• **Requirement**:
Return the data below exactly as given, except for the images.

• • • •

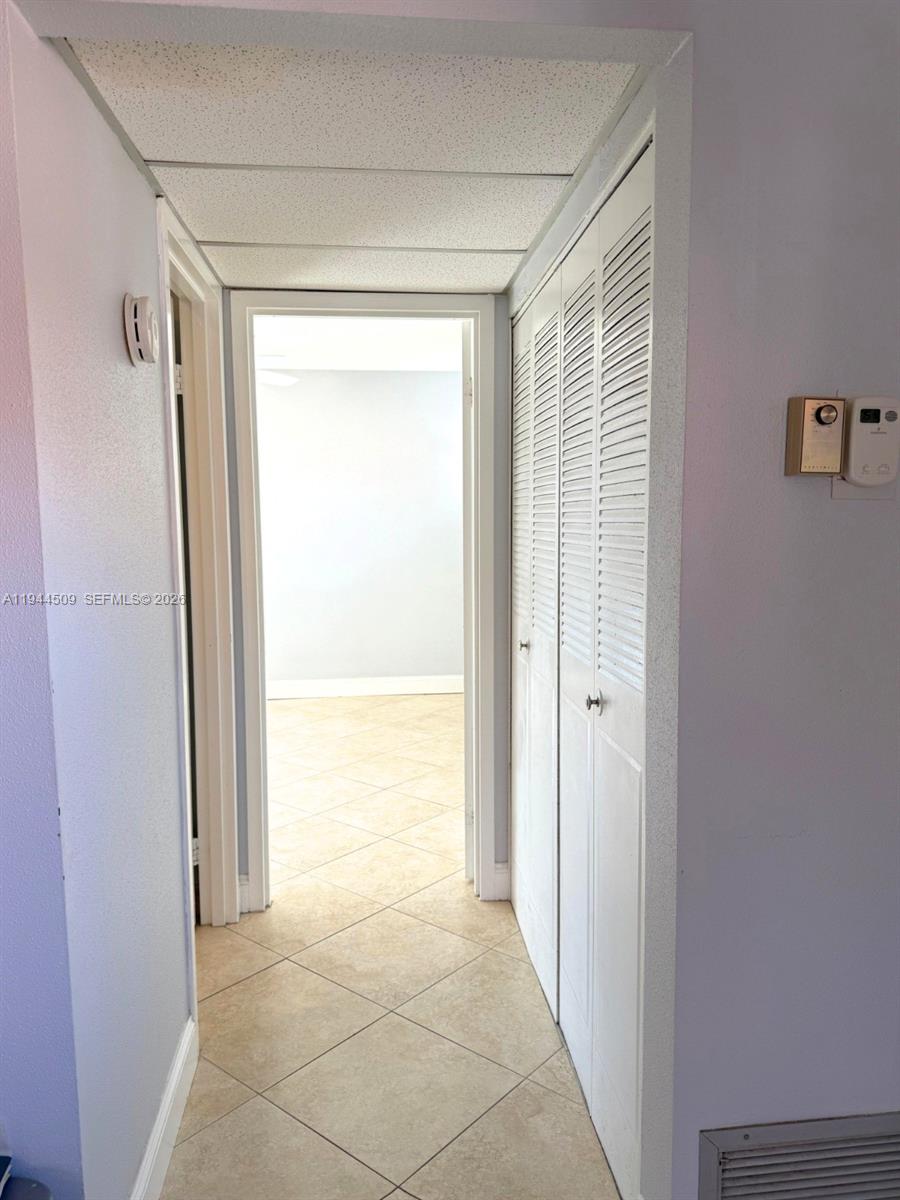 566 1 / 2 720 sq. ft. $ 2026-01-13 0 Photo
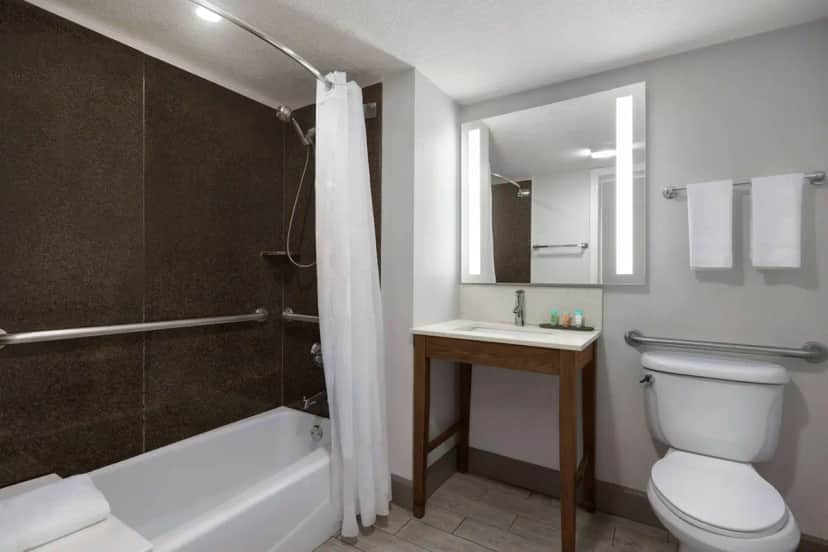 Deep soaking bathtub at La Quinta Inn & Suites by Wyndham Oceanfront Daytona Beach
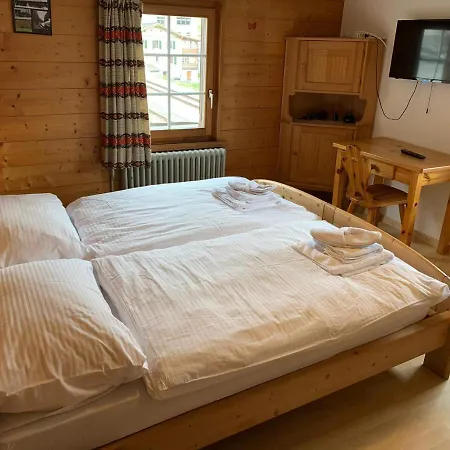 Bahnhofli Bed and breakfast *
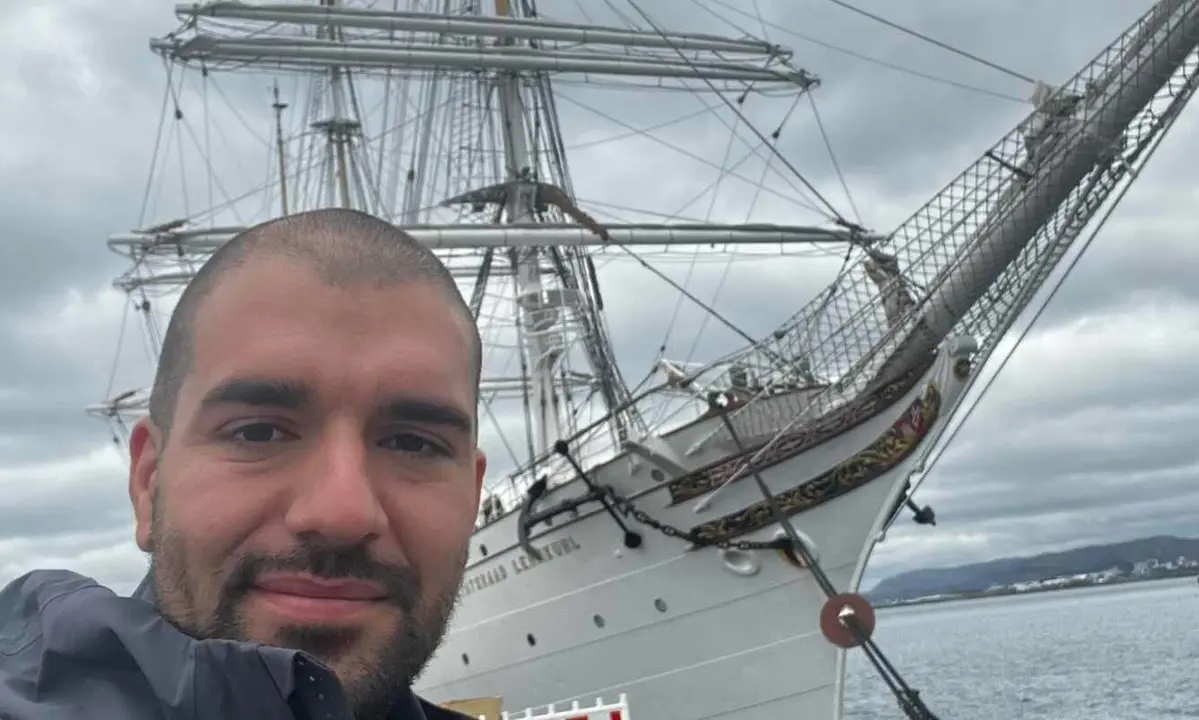 Pablo Álvarez, junto al barco Statsraad Lehmkuhl, en el que desarrollará su aventura científica.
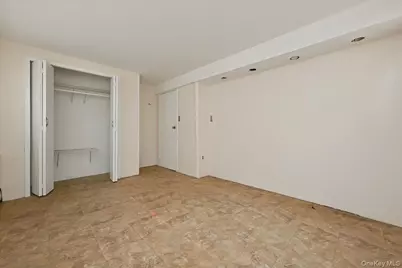 122 Haypath Road, Bethpage, NY 11714 - Photo 19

• • • •

• **Solved problem**:
 566 1 / 2 720 sq. ft. $ 2026-01-13 0 Photo
 Deep soaking bathtub at La Quinta Inn & Suites by Wyndham Oceanfront Daytona Beach
 Bahnhofli Bed and breakfast *
 Pablo Álvarez, junto al barco Statsraad Lehmkuhl, en el que desarrollará su aventura científica.
 122 Haypath Road, Bethpage, NY 11714 - Photo 19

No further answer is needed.